Новая приходящая прислуга описала все вещи точно и в подробностях. Г-н Жозеф имеет стол из светлого дерева, стул и железную кровать. У него две простыни, три рубашки, одну из которых можно, при необходимости, накрахмалить, шесть носовых платков, два полотенца, три трубки, притом глиняные, и одна книга, так и не узнали какая: она не умела читать.
Ясно было, что он что-то скрывает. Никогда злобность, которая нам здесь свойственна — нам, живущим в скучном захолустье, — его, однако, не преследовала; мы умеем быть такими ловкачами, мы приходим к столь поразительным результатам, когда берем на себя труд быть злыми, что по отношению к нему можно сказать: его не преследовали. Мальчишки, которых посылали играть в сад старого монастыря и которым поручали забираться на те ветки платанов, откуда можно было видеть комнату г-на Жозефа, доносили, что он мирно расхаживает взад и вперед или же, сидя на своем стуле, весь день читает ту знаменитую книгу, названия которой никто не знал.

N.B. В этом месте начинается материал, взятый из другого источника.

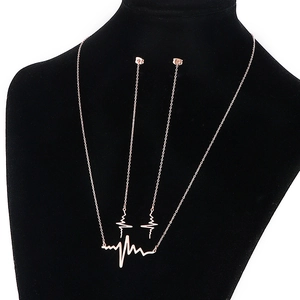 Rose gold heartbeat jewelry set with necklace and lightning earrings on black bust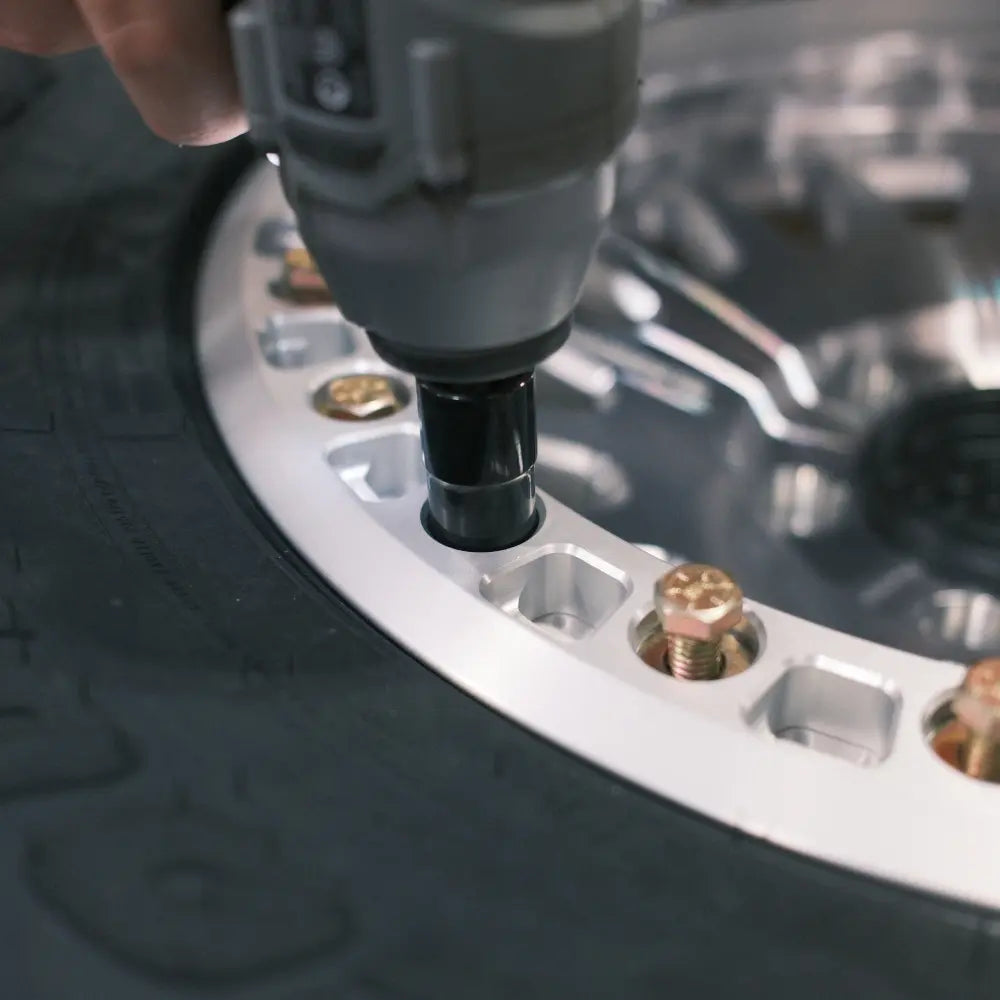 Close-up of beadlock hardware kit being tightened to secure ring onto MBF wheel, showing precise clamping and seated hardware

Несмотря на всю свою загадочность, тревоги он не вызывал. Это довольно трудно объяснить. По правде сказать, тревогу-то он вызывал. Но не внушал страха. Когда я это заметил, я еще больше удивился тому, что его не преследовала злоба. Во всяком случае, не преследовала по-настоящему.
У нас здесь два музыкальных общества — разумеется, соперничающих между собой. Когда встал вопрос о возобновлении билетов почетных членов, один такой билет принесли г-ну Жозефу. Он принял его с благодарностью и уплатил три франка. Другое общество также прислало ему билет, он принял и его тоже и внес три франка. На этот раз все были весьма раздосадованы его безразличием. Обычно мы такого не прощаем. Нельзя сказать, чтобы мы на этот раз простили. И неизвестно, каким чудом он вынудил нас оставить это без последствий. Если бы все пушки, нацеленные на него, выстрелили, он был бы стерт в порошок. Но что-то подмочило порох.
Нас сдерживала в наших естественных порывах главным образом, надо прямо сказать, некоторая доля опасений. Иначе, несмотря на его обаяние, с ним разделались бы, как и со всеми. Скатерти и камчатные салфетки, которые мамаша Кабро каждую неделю стирала в прачечной, наводили нас на размышления. Это было великолепное столовое белье. Ни у кого и никогда не было здесь ничего красивее. Это говорило о невообразимом образе жизни и о соответствующем ему могуществе. Мы были слишком осторожны, чтобы без получения более подробных сведений вступить в трения с кем-либо, наделенным подобным могуществом. Его посчитали скрытным и лицемерным, а это было то, что нужно, чтобы ему оказывали уважение. Особенно при личных встречах. И казалось, это все, к чему он стремился.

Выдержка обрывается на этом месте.